Centralized invoicing and uniform pricing are also valuable, as is centralized dispatch with reliable service response estimate, Roberts says.
Last October, RoadOne initiated such a program under an agreement with the truckload carrier U.S. Xpress, and this month it expects to roll out its heavy-truck towing service on an expanded national basis.
Following a slightly different business model, 1-800-AutoTow intends to build regional hub-and-spoke operations that provide complete coverage throughout a wide service area, eventually building up to national coverage marketed under a strong brand name.
Each hub will handle all the equipment maintenance and computerized dispatch for that area, says Joshua Konigsberg, vice president of sales and marketing. 'That will allow us to provide the higher level of service required by commercial accounts.'
For example, a utility company can have tens of thousands of trucks operating in a wide geographical area, he says. Having a single vendor with uniform rates and centralized billing would be very attractive to that fleet.
Although 1-800-AutoTow has only acquired three towing companies (two in Tampa and one in Pittsburgh) in its first six months of active consolidation, its plans for 1999 call for acquiring 15 per quarter, according to Konigsberg.
While the very smallest towing fleets should continue servicing local communities, midsize and larger towing companies are going to find it increasingly difficult to remain competitive, says Konigsberg.

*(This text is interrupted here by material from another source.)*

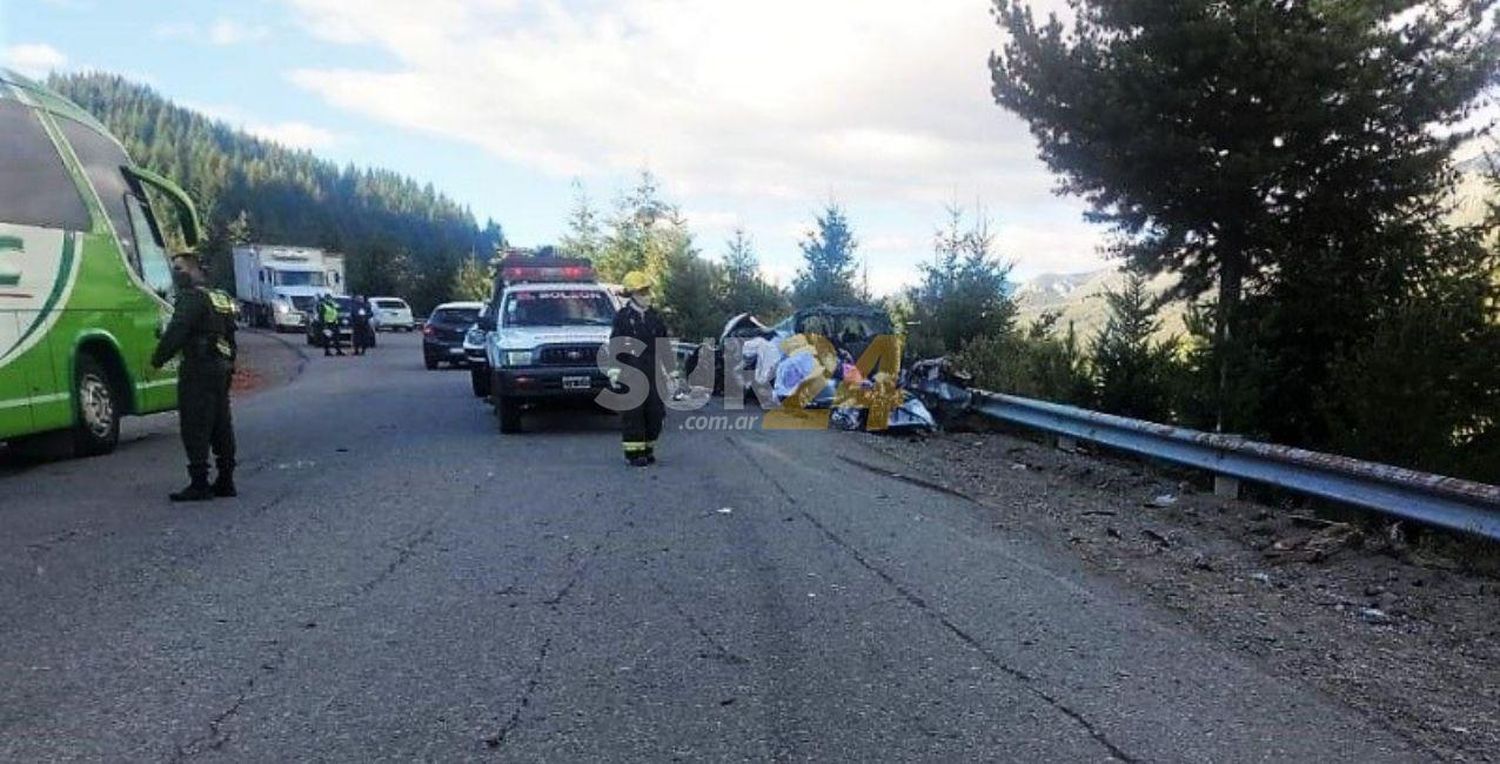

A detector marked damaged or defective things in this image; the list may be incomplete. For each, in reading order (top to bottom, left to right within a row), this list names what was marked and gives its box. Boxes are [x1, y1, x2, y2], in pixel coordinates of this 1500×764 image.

road surface crack [744, 438, 1140, 759]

'Of the 36,000 towing companies operating now, 6,000 to 8,000 represent $9.5 billion of the industry's $12-billion to $15-billion annual revenue,' he says. 'The bulk of those companies will have to either consolidate or downsize to local operations. They won't be able to afford the technology needed to provide the level of service commercial accounts are going to require.'
In fact, the pressure on those fleets will be so strong, predicts Konigsberg, that the towing and recovery industry, now the stronghold of mom-and-pop businesses, will support as many as ten consolidators within the next five years.